In this interview, we talk about what brought Sanjeev to Indian food, his success
in his career and the various aspects of Indian cuisine.
Q: Can you tell us a bit about your career and what brought
you to Indian food?
As an Indian and a professional chef I have been nurturing the dream of making Indian
cuisine the number one in the world. My cookery shows, my food channel, my books,
my website all are created with the aim to glorify the richness of our food culture
and to keep alive the traditions of the Indian kitchen. I started off as kitchen
trainee with ITDC in 1984 and then moved out and up into various organizations.
I had long stint as Executive Chef with Hotel Centaur in Mumbai. At this point my
programme Khana Khazana was created and evolved and took off! This cookery show
has had the distinction of being aired nonstop for more than 17 years. I use the
platform of TV to put forth my passion for Indian recipes.
Q: What are the key factors in making Indian food "authentic"?
The description of ‘authentic’ is subjective. For me arriving at the most acceptable
taste for the masses is authentic. Then that is documented.
Q: How has your upbringing and your education at the Institute
of Hotel Management influence your cooking style?
Knowledge is important but the real power lies in knowledge applied! When I was
growing up I saw my dad cook delicious food for the family. I started venturing
into our kitchen when I was just ten years old and those formative years gave me
the belief that men can cook! My formal education has been able to train my mind
to accept that hotel management and catering is hard work but doable! Because we
were taught about ingredients, cooking techniques, etc I have always been confident
about playing around with flavours and creating something new.
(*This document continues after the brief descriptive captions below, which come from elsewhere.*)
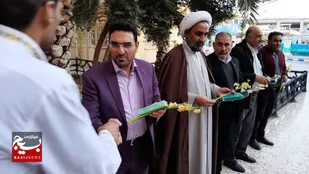 ۸۴ زندانی در اهواز آزاد شدند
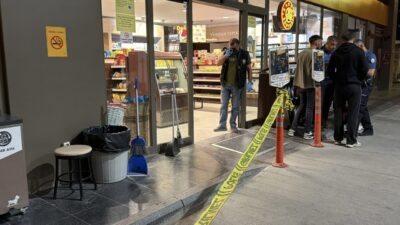ESKİŞEHİR (AA) – Eskişehir’in Odunpazarı ilçesinde çıkan bıçaklı kavgada 1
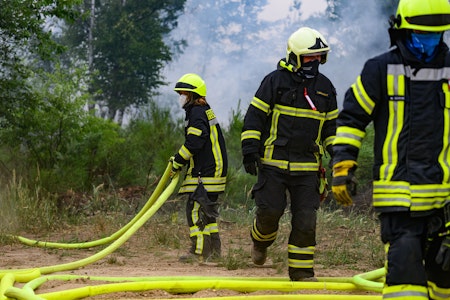 Berliner Feuerwehr: Keine Übungen mehr mit Atemschutzmasken – wegen Sparmaßnahmen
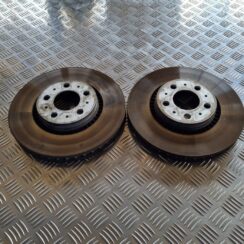 Priekšējie bremžu diski priekš VOLVO S60 2008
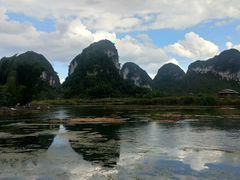 -靖西鹅泉风景区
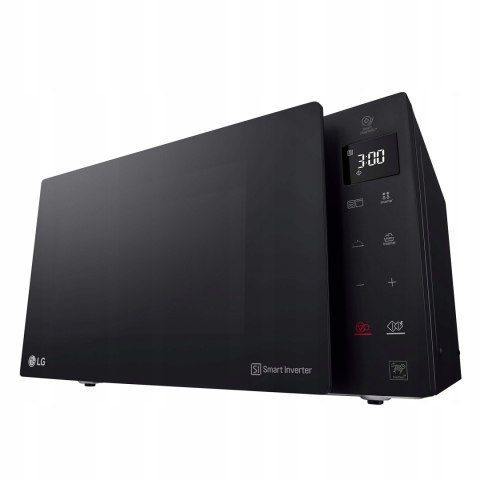 Kuchenka mikrofalowa wolnostojąca LG MH6535GDS INWERTOROWA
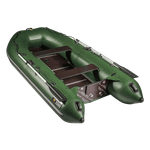 Лодка ПВХ РИВЬЕРА 3400 СК Максима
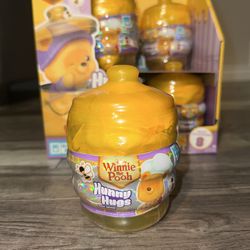 Winnie the Pooh Hunny Hugs Plushie Blind Box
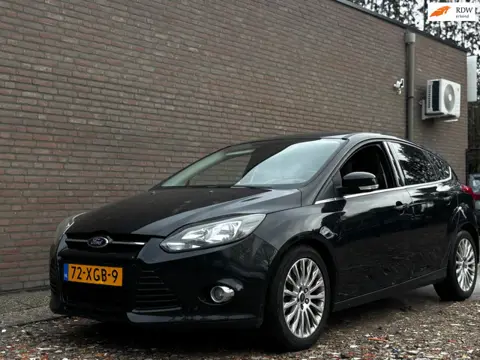 Ford Focus 1.0 EcoBoost Titanium | Motor Rookt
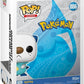 Funko Pop! Games: Pokemon - Oshawott - Collectable Vinyl Figure - Gift Idea - Official Merchandise - Toys For Kids & Adults - Video Games Fans - Model Figure For Collectors And Display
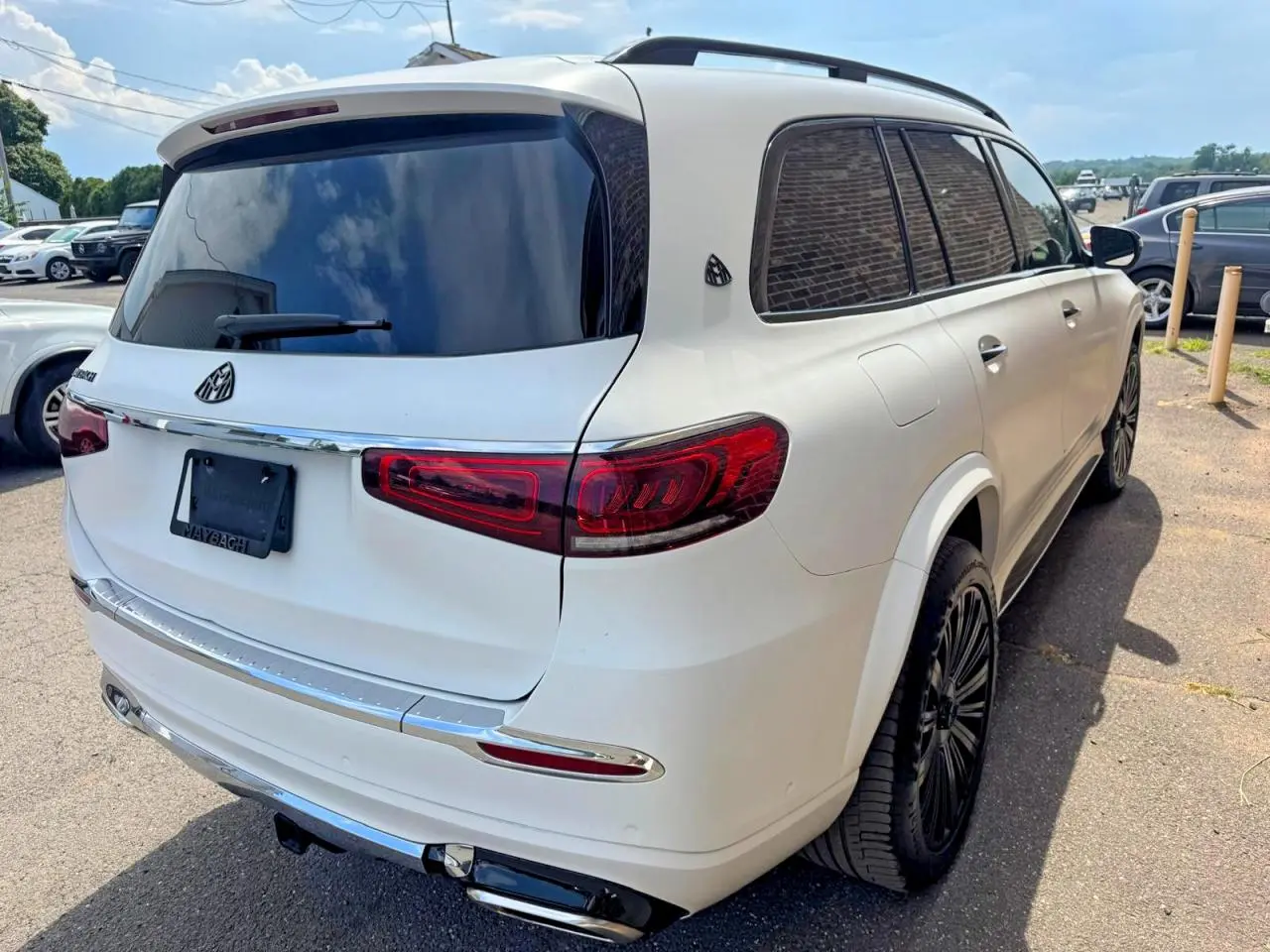 2021 Mercedes-Benz #3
Q: What do you think have been the main reasons for the long-term
success of Khana Khazana?
I simply gave my audience what they wanted! Keeping my finger on the pulse of the
market paid off. I have been advocating that home food is best and there should
not be any fear in cooking for the family. My teaching style has been well loved
and also the fact that I have been cooking food that is not daunting to the audience.
Q: What is the most difficult part about being a celebrity
It is an answer that I have never given. Seriously though, the tough part is that
you are under constant pressure. You are under a scanner to perform.
Q: Do you therefore deliberately steer yourself to be cool,
No, I think it comes to me naturally. The smile you see on my face on television
is something that I normally go about with. In our work, you can’t act. I don’t
work with a script, and I let my food speak. I behave in the normal way. If I were
acting or feigning, the show would last for a couple of years. But Khana Khazana,
now 10 years on, is the longest running show, in all categories, in India.
Q: By going unprepared for the show, isn’t there a chance
of you repeating what you might have already done?
Not at all. I must say I have a very good memory. It is a selective memory. There
are certain things that I may forget very soon. As a child, as a student, I was
in the brilliant category thanks to my memory. That helps in every field. When you
go unprepared, you have to say things from the repertoire you have.
Considering that you were a brilliant student, and you entered the industry at a
time when hotel management was not much respected, what prompted you to try out
in this field?
I have always had an attitude of taking a different path from others. If everyone
goes to the right, I would choose the left.
Q: Has that put you into trouble?
No, I have always benefited from it. I am not comfortable doing what everyone else
is doing. I am not happy following the path set by others. I believe in making one,
leading, and letting others follow the path. I am an Aries…
Q: You have been doing extensive research in Indian cuisine.
What have been your most important findings?
We all think that the ancient Indians were more vegetarian in nature, and that is
what India is. No. The kind of non-veg they were eating, if we talk of that now,
we have to be very careful because it may cause a national stir.
Q: How do you actually go about with the research?
We knew someone who was doing a lot of research on ancient India but not on food.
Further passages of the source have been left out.